Don’t forget the ECB, the central bank of Greece – because that’s what the ECB is, it’s the central bank of all our member states – the central bank of Greece is a creditor of the Greek state, and therefore it is also [break in audio] once it is the lender of last resort, supposedly, and the enforcer of fiscal austerity. Now, that violates, immediately, the supposed distinction between fiscal and monetary policy. It puts Draghi in a position where, in acting as a creditor when we came into power, he had to discipline us, he had to actually asphyxiate us sufficiently in order to yield to the demands of the creditors, while at the same time keeping our banks open. So God could not do this in a non-political way."
Then Marsh asks a final two-part question: first, is it important that Greece finally become part of the ECB’s bond-buying programme, known as quantitative easing (QE), and secondly, what are Varoufakis’ future plans – and what is his relationship with Tsipras like now? For those not following the crisis closely, Greece has been shut out of the ECB’s QE programme since its inception because its rules bar any country that is undergoing a bailout review from having its bonds purchased by Frankfurt.

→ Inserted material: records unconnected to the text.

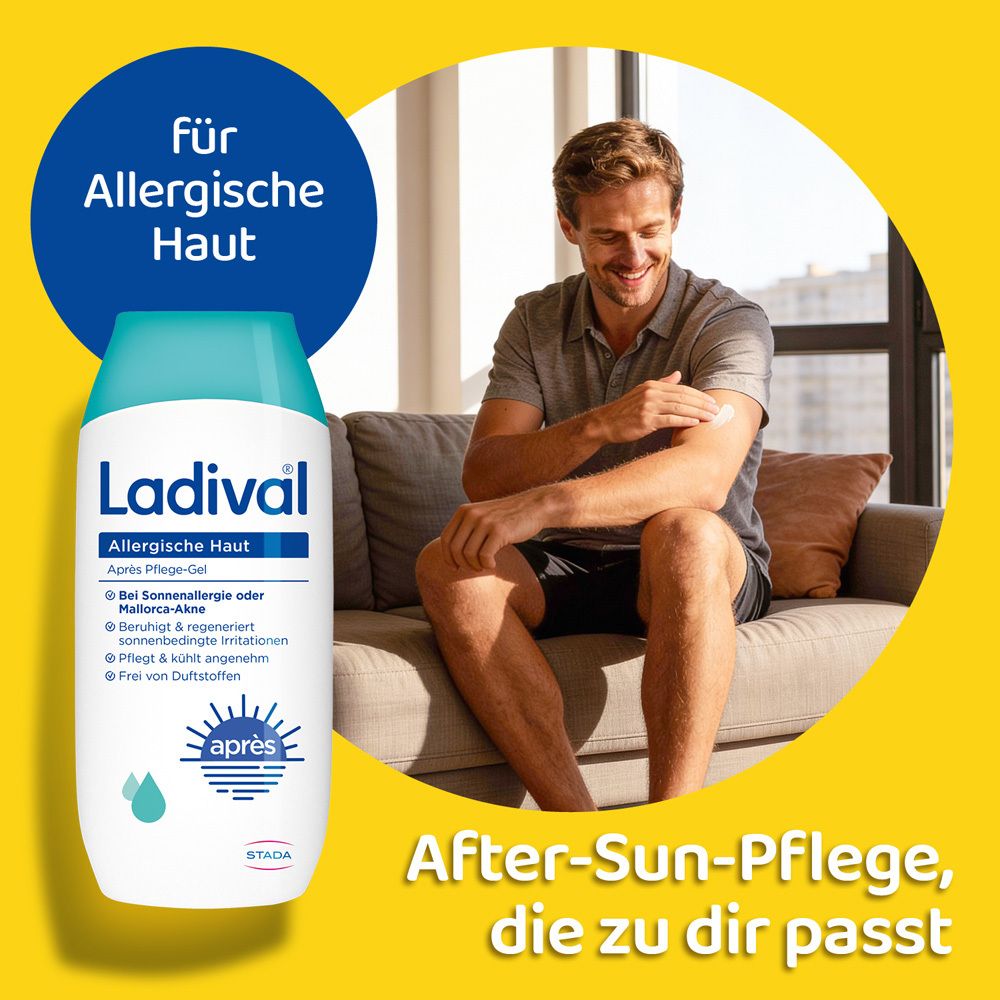 Mann auf Couch, trägt Après Pflege-Gel auf. Produktabbildung: Ladival® Allergische Haut Après Pflege-Gel. Gelbe und blaue Gestaltung.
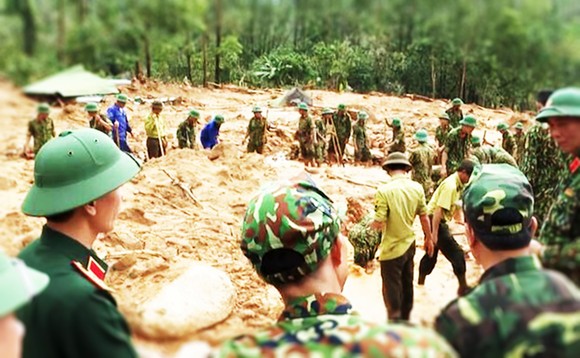 Hiện trường sạt lở núi nghiêm trọng ở thủy điện Rào Trăng 3 ảnh 2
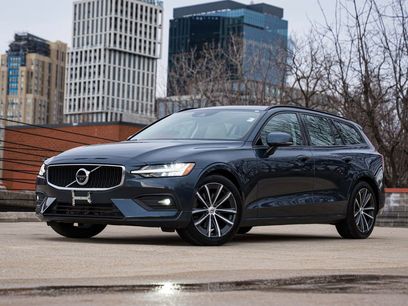 Used 2021 Volvo V60 T5 Momentum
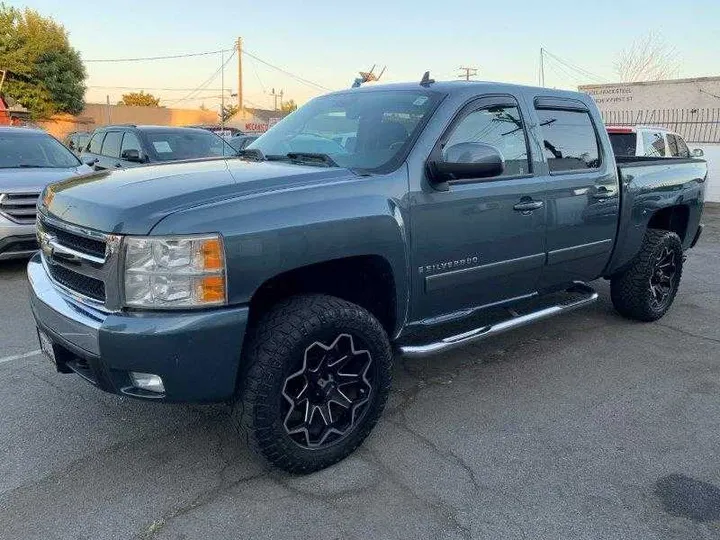 BLUE, 2008 CHEVROLET SILVERADO 1500 CREW CAB Image 14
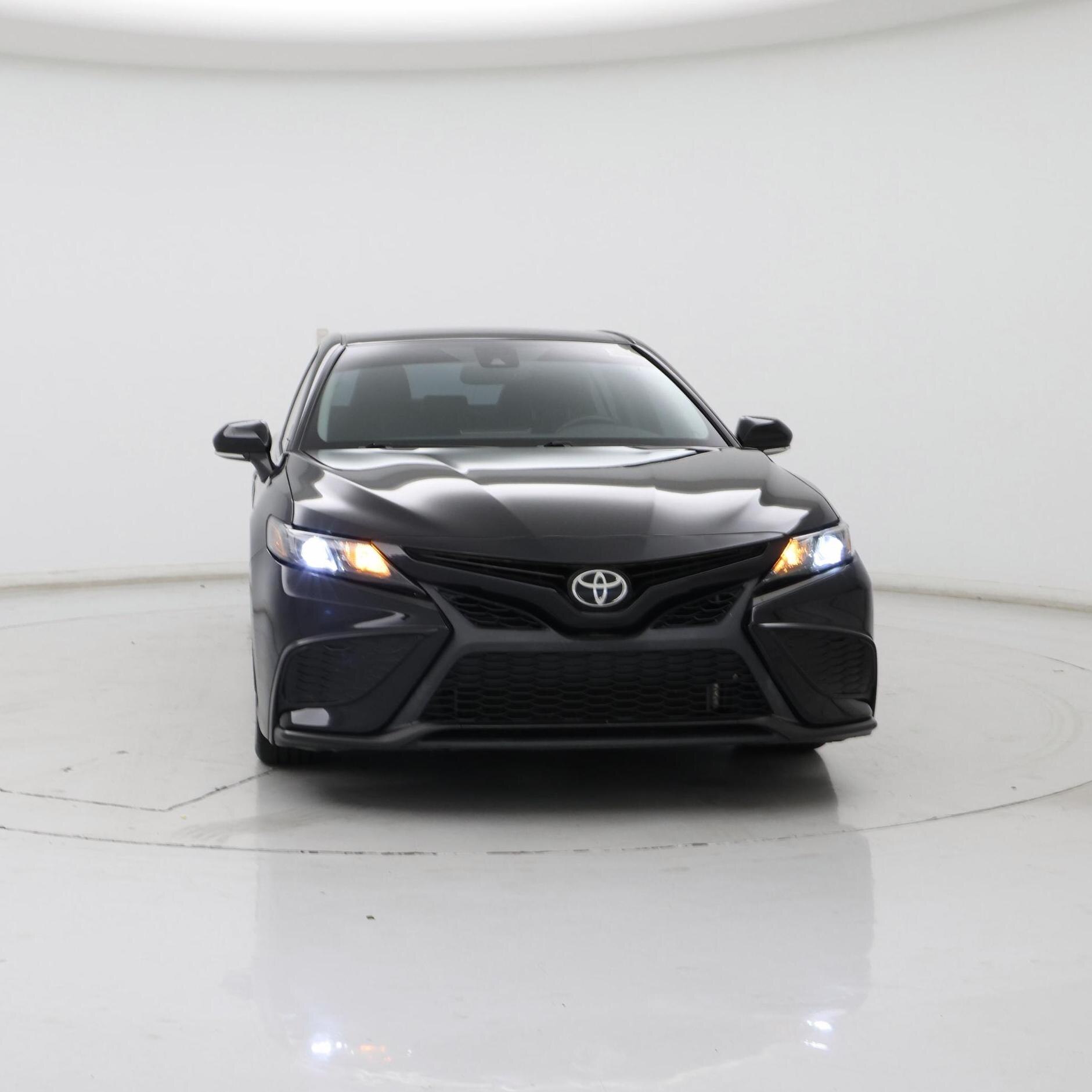 Thumbnail: 2021 Toyota Camry - 5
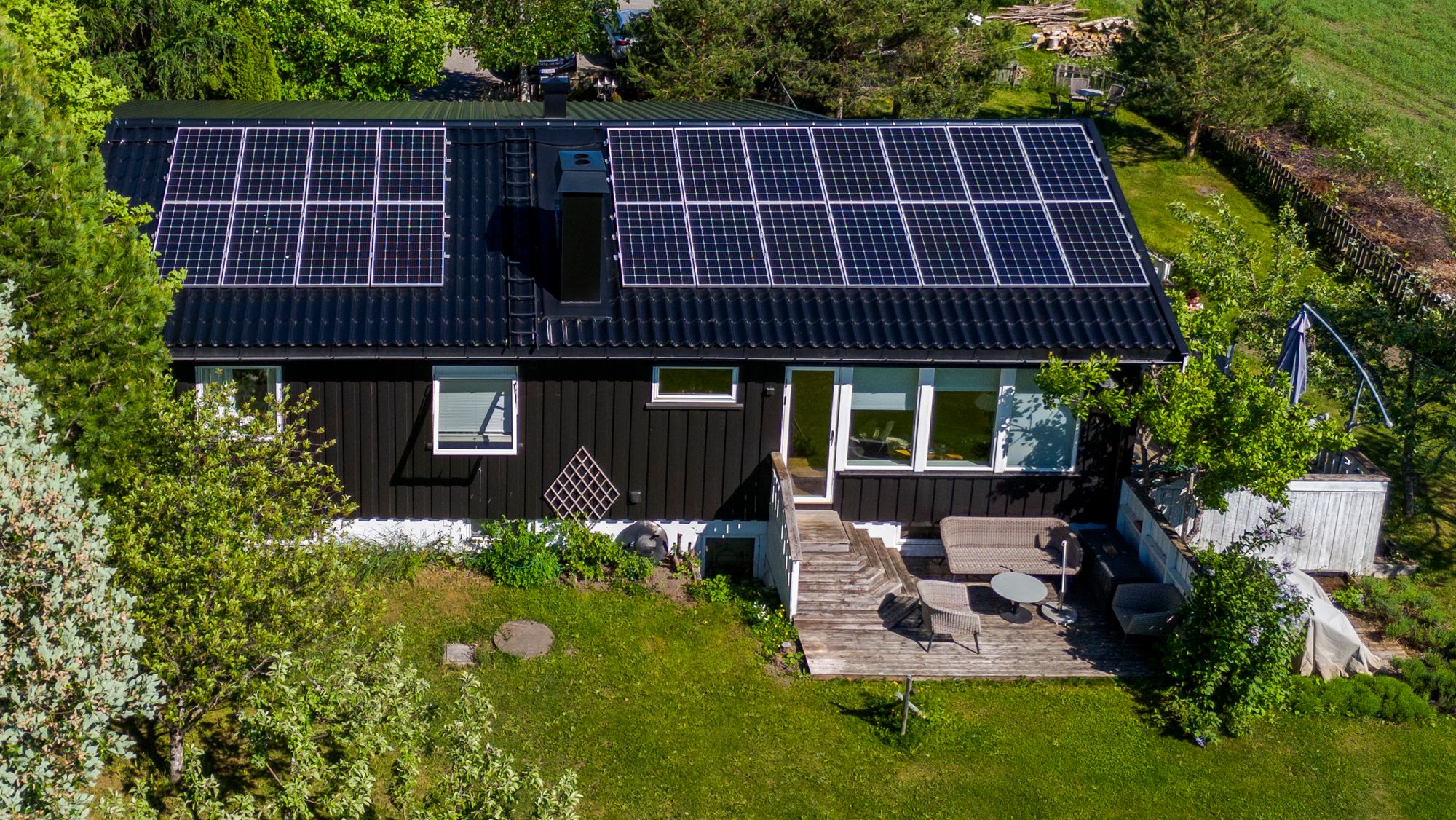 Interessen for solceller avtok lenge før norgespris, mener Trond Øines i NEK og energiminister Terje Aasland.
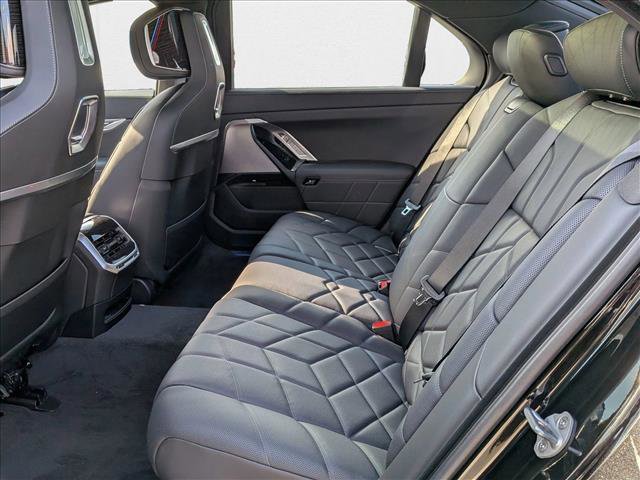 Used 2026 BMW i7 eDrive50 w/ M Sport Package image 14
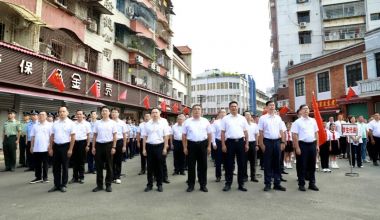 漳州台商区举行烈士纪念日向人民英雄敬献花篮仪式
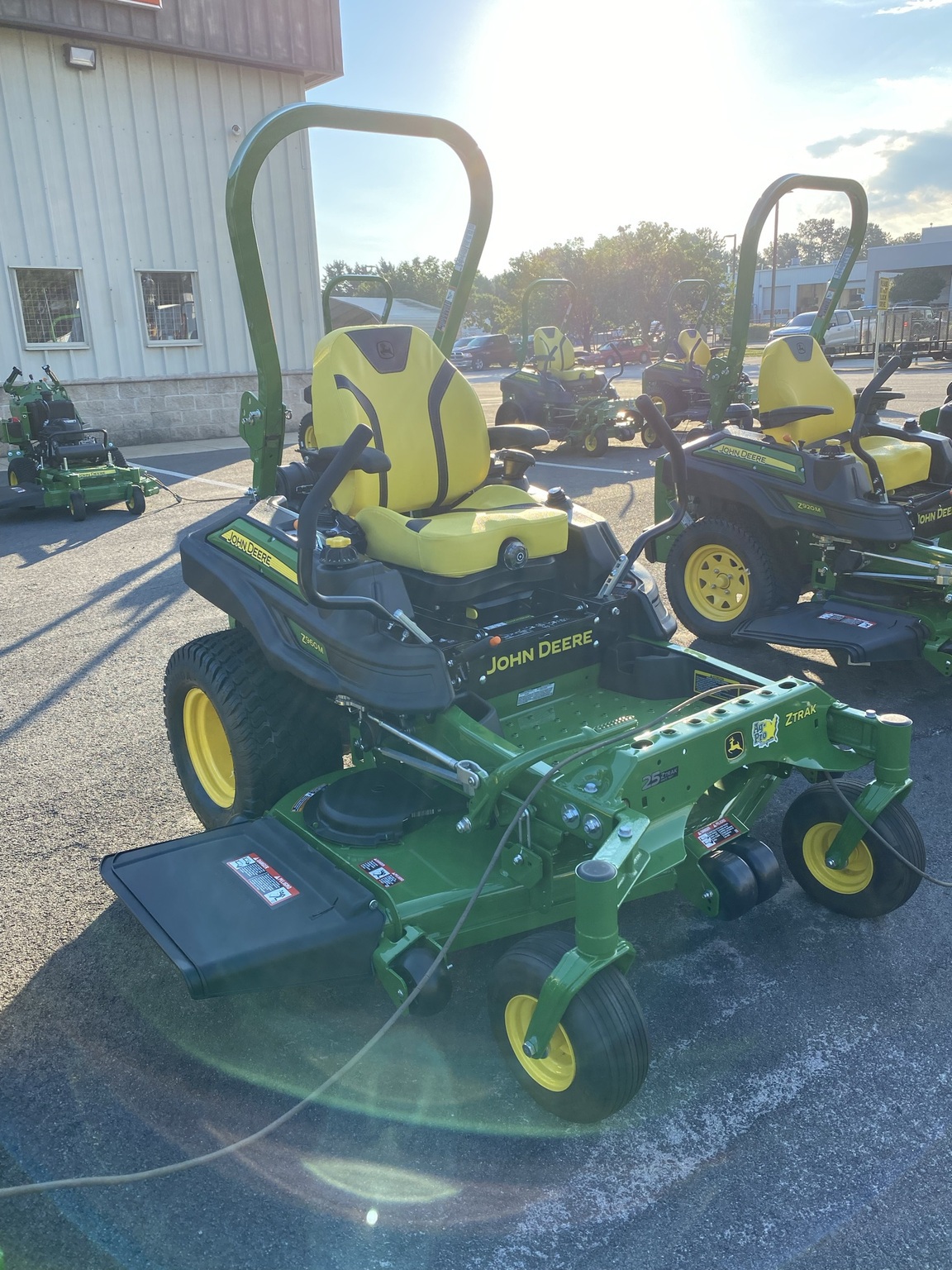 2025 John Deere Z960M Image 6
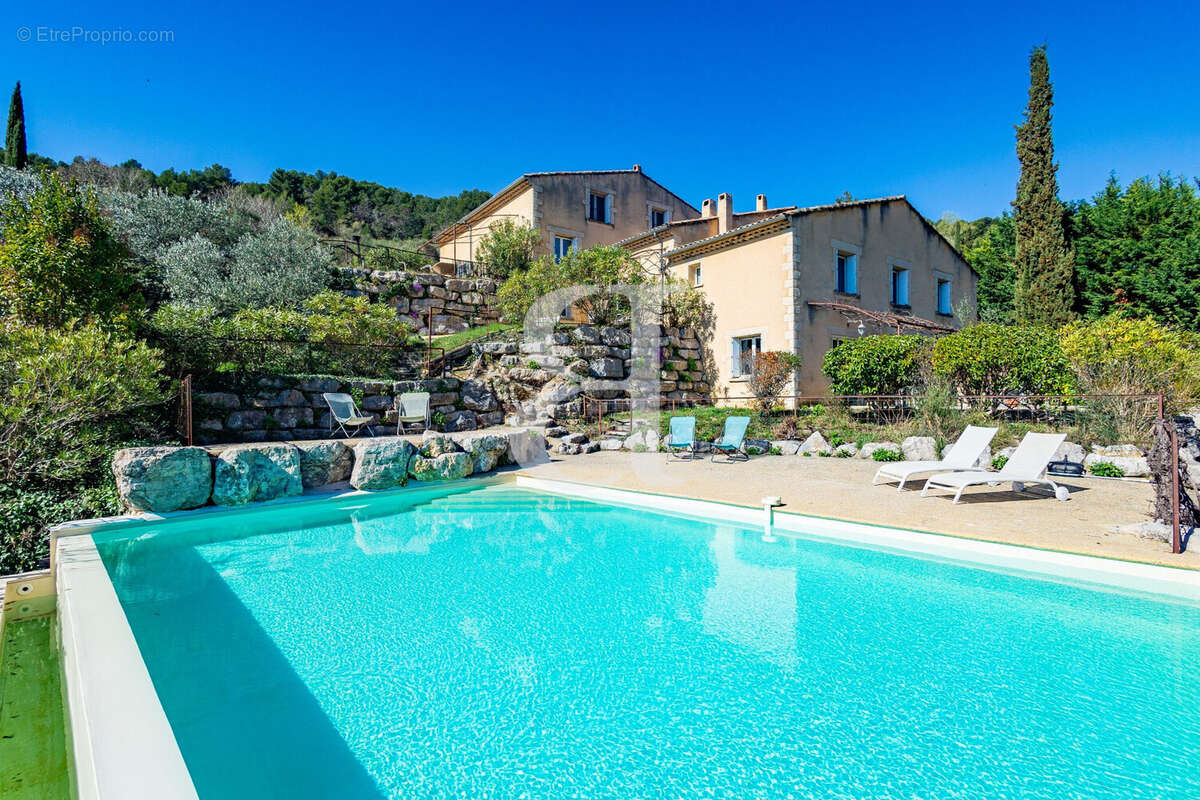 Maison à VAISON-LA-ROMAINE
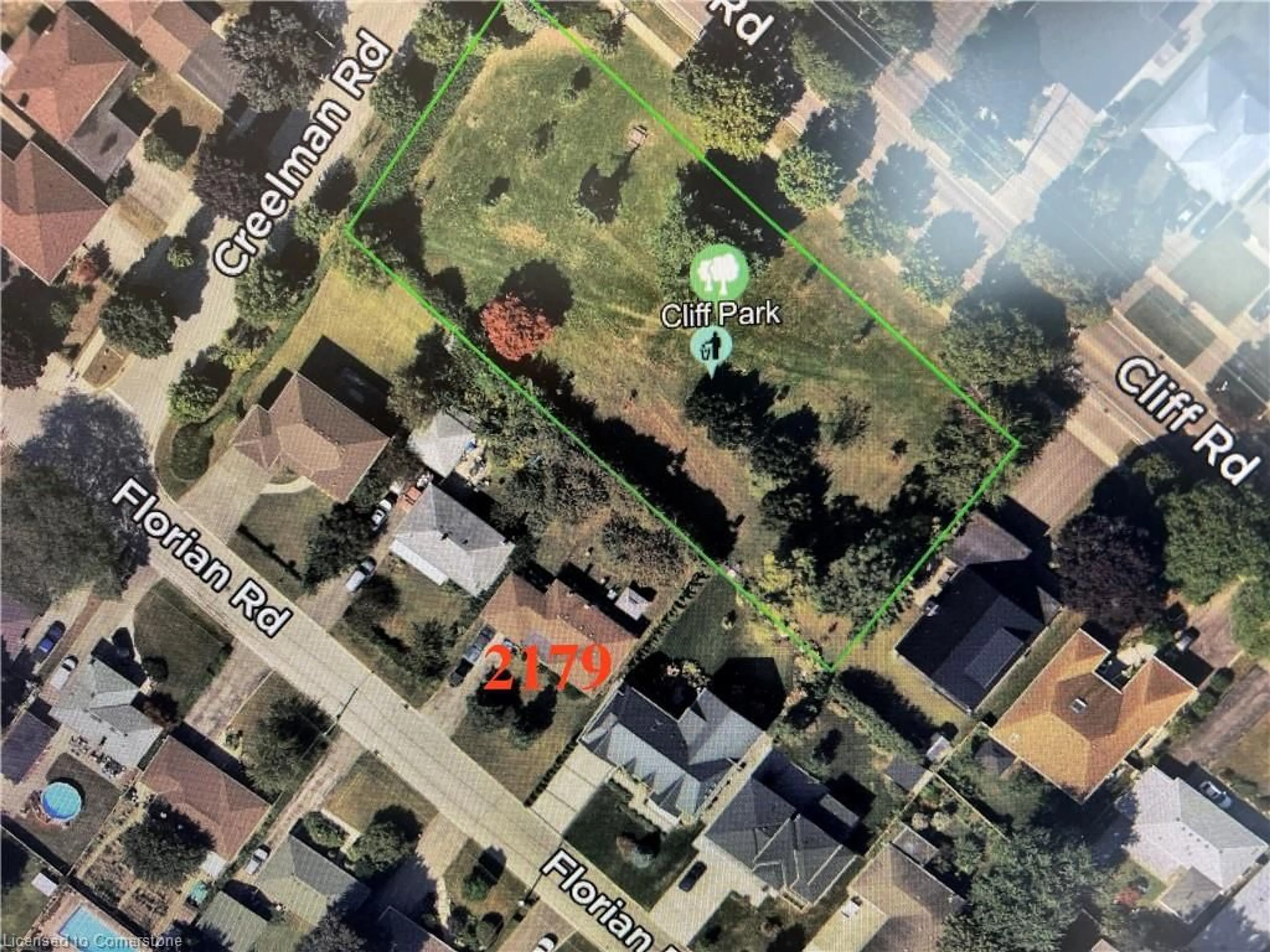 A pic from outside/outdoor area/front of a property/back of a property/a pic from drone, street for 2179 Florian Rd, Mississauga Ontario L5A 2M5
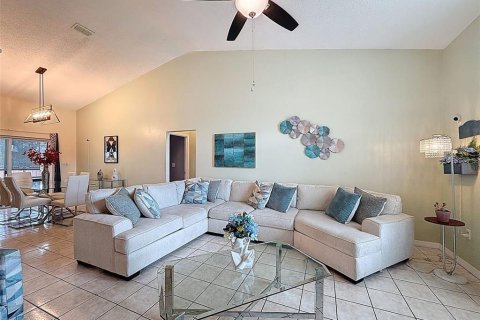 House in Kissimmee, Florida 3 bedrooms, 142.42 sq.m. № 1874100 - photo 7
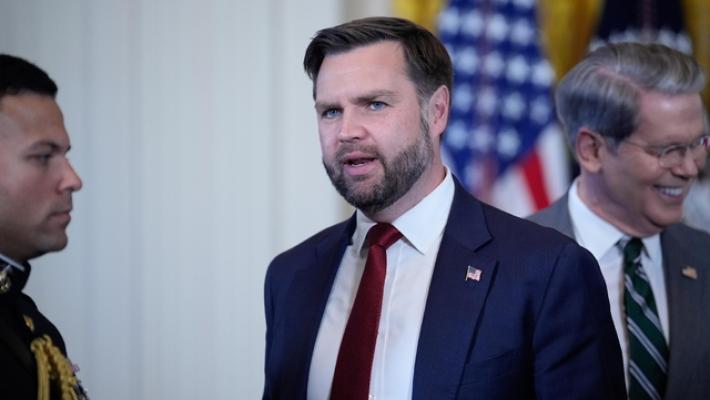 Vance, Trump aveva offerto a Maduro diverse vie d'uscita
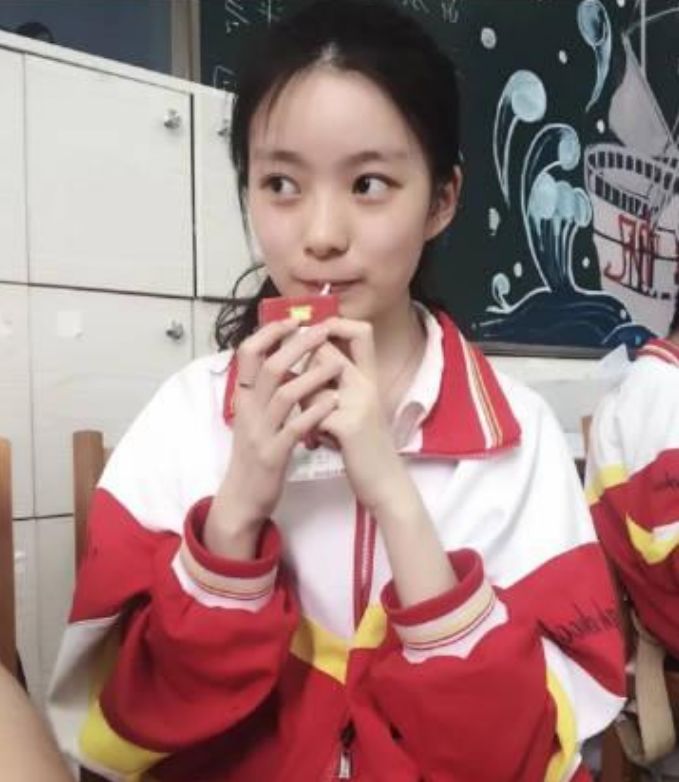 硬糖少女学生照,赵粤表情可爱,张艺凡很是呆萌,王艺瑾还挺洋气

"What the ECB is doing is increasing ELA by €900m in order to give a little bit more liquidity through the ATMs that were very severely circumscribed up until now. The question of quantitative easing is I think crucial. If Greece does not get onto the bandwagon of quantitative easing over the next few months, then that’s it. There’s absolutely no way that Greece can stay in the eurozone.
But for this to be meaningful, first they need to restructure the Greek debt. The idea of the German government, that we would first have to successfully complete a programme that cannot be completed successfully and then we can have debt restructuring, effectively annuls the whole idea of quantitative easing.
On the question of my relationship with Alexis, look, I have a very strong personal relationship with him…. Yesterday, I voted against him. I crossed the floor. It was very painful for me. I could see he was very upset by that. We met afterwards, he was sitting down, I was passing by him, he extended his arm very warmly. I sort of went towards him and we hugged, and kissed even. There is this.
But at the same time, at the moment what I’m experiencing is this, you know, I’ve become the traitor of the party. You know how it feels when you cross the floor suddenly. You cross the floor not because you shifted, but because everybody else has shifted. They’ve undergone a mutation. Suddenly they have adopted the language that I’ve been countering for the last six years – with them. But now they have adopted it.
So I’m not sure what kind of relationship we’re going to have. Up until yesterday Alexis was very keen to say to me that he will definitely need me. He offered me another ministry only a few days ago. I said no because I don’t care about having a ministry. What I care about is a sustainable Greek debt, a sustainable Greek economy.
What we’re doing now, whatever the reasons are, the measures we introduced yesterday through parliament will choke the Greek private sector, a private sector that has already suffered so much in Greece over the last five years. I’m going to stay in parliament. I really love being a backbencher. I have only been a backbencher for a week, and it’s great. It gives me the opportunity to speak out, and to write and to visit friends outside of Greece."
Marsh wraps up the teleconference by noting there were 84 callers from around the world, and reminding everyone Varoufakis’ remarks were under the so-called Chatham House rules, which means the information can be passed on but Varoufakis should not be cited as the source of the information.